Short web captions

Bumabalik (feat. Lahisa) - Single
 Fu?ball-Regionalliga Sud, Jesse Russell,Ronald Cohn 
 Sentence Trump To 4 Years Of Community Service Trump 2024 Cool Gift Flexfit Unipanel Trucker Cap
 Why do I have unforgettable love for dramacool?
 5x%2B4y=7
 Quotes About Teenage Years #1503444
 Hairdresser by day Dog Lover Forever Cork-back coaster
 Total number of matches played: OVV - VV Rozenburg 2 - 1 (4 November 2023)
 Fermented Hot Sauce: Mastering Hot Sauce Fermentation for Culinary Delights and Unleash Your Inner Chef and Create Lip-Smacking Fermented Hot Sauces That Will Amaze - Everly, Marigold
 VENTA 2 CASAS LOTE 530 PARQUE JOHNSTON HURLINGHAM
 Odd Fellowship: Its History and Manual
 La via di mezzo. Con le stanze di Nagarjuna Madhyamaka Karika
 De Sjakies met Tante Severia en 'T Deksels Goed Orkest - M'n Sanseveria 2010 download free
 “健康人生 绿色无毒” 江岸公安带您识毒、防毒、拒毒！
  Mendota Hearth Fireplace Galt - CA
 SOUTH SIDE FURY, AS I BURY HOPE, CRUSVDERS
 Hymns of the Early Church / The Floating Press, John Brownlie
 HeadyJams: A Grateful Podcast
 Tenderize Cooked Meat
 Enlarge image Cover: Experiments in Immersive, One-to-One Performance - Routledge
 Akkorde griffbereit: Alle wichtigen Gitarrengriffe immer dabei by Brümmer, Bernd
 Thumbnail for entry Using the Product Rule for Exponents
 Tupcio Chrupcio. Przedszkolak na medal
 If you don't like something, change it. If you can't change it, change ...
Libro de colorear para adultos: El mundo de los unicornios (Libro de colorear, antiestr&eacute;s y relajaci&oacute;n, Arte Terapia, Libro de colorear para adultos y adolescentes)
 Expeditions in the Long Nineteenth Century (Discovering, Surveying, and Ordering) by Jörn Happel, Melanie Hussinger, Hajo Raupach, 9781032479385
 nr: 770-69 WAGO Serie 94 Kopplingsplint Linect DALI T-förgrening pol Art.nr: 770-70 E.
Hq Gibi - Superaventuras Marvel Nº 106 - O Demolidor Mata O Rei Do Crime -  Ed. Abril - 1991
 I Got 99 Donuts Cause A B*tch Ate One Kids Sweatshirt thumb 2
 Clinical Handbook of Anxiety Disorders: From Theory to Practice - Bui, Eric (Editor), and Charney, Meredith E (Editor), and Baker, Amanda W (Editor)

Task item |
The required output is the stretch of entries above from the line containing "Libro de colorear para adultos: El" through the line containing "Expeditions in the", reproduced exactly.

Expected answer |
Libro de colorear para adultos: El mundo de los unicornios (Libro de colorear, antiestr&eacute;s y relajaci&oacute;n, Arte Terapia, Libro de colorear para adultos y adolescentes)
 Expeditions in the Long Nineteenth Century (Discovering, Surveying, and Ordering) by Jörn Happel, Melanie Hussinger, Hajo Raupach, 9781032479385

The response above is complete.